9. Engagement with services 
 9.1 No clinically important engagement 
 9.2 Not any engagement 
 9.3 Average endpoint engagement score 
 9.4 Average change in engagement scores

10. Quality of life 
 10.1 No clinically important change in quality of life 
 10.2 Not any change in quality of life 
 10.3 Average endpoint quality of life score 
 10.4 Average change in quality of life scores 
 10.5 No clinically important change in specific aspects of quality of life 
 10.6 Not any change in specific aspects of quality of life 
 10.7 Average endpoint specific aspects of quality of life 
 10.8 Average change in specific aspects of quality of life

11. Economic outcomes 
 11.1 Direct costs 
 11.2 Indirect costs

We selected outcome measures which provided global estimations of functioning. We did not report highly specific outcomes, such as 'sense of safety'. Such specific outcomes are rarely reported in more than one study and it is difficult to assess their relevance to the effectiveness of the treatment. We also reported other outcomes not readily falling into these categories but they are not of pre‐stated interest.

We divided outcomes into short term (less than three months) medium term (three to six months) and long term (over six months).

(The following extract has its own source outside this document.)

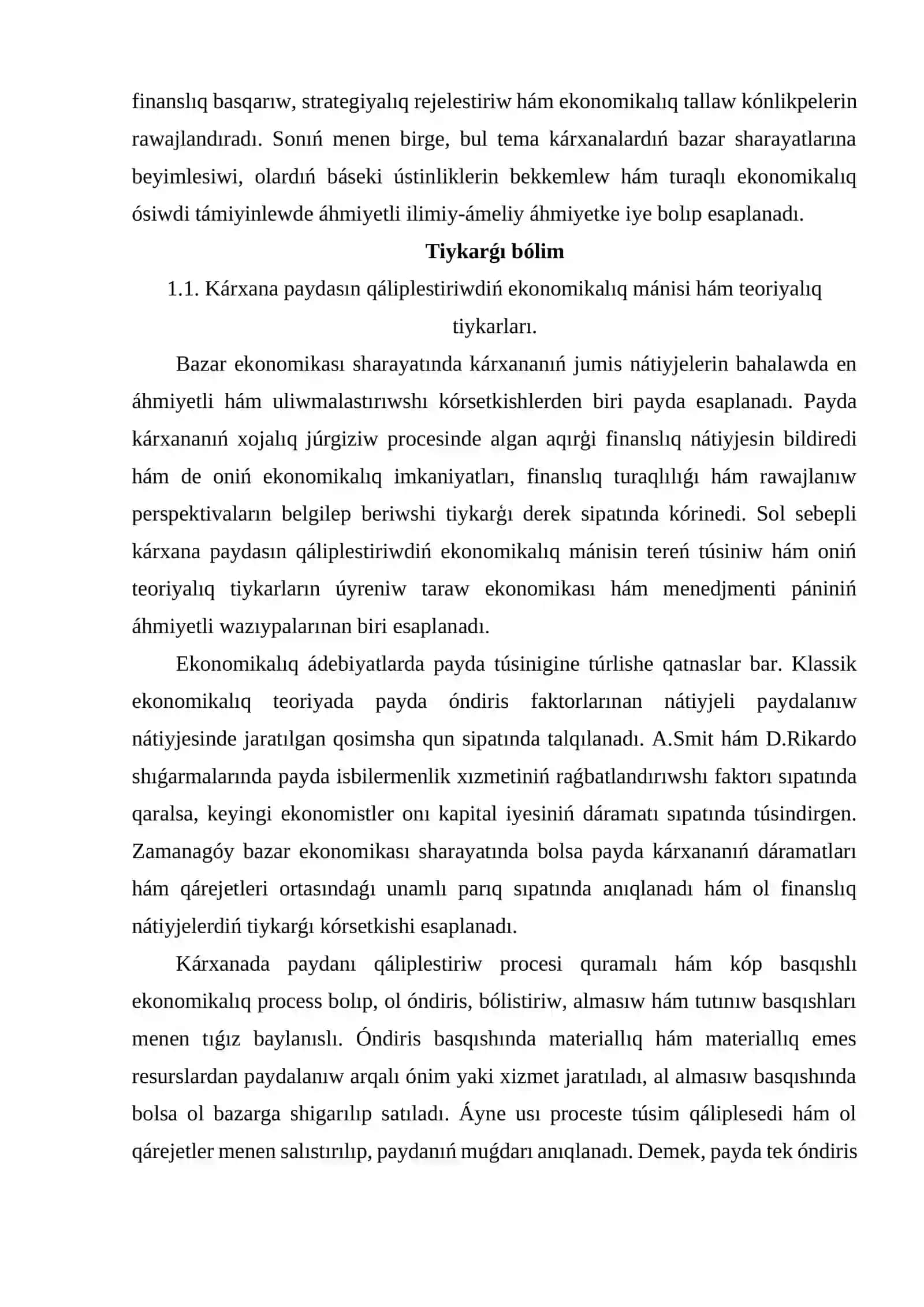 Kárxanada paydanı qáliplestiriw hám aqılǵa say bólistiriw 3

Search methods for identification of studies

Electronic searches

1. Update of 2008 
 1.1 The Cochrane Schizophrenia Group Trials Register was searched (November 2008): for details of the search phrase see Appendix 3.

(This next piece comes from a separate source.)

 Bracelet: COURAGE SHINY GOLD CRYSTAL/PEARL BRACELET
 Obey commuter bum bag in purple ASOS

2. Previous versions of this review 
 2.1 For details of the original search: see Appendix 1.

2.2 For details of the searches in previous updates: see Appendix 2.

Searching other resources

Where necessary, we contacted authors and relevant pharmaceutical companies for any missing information or data.

Data collection and analysis

Selection of studies

Authors CJ and RMC independently inspected citations identified from the search. We identified potentially relevant reports and ordered full papers for reassessment. Where difficulties or disputes arose we asked author LAJ for help and if it was impossible to decide, those full papers were ordered for assessment. This process was repeated for the full papers. If it was impossible to resolve disagreements these studies were added to those awaiting assessment and the authors of the papers contacted for clarification.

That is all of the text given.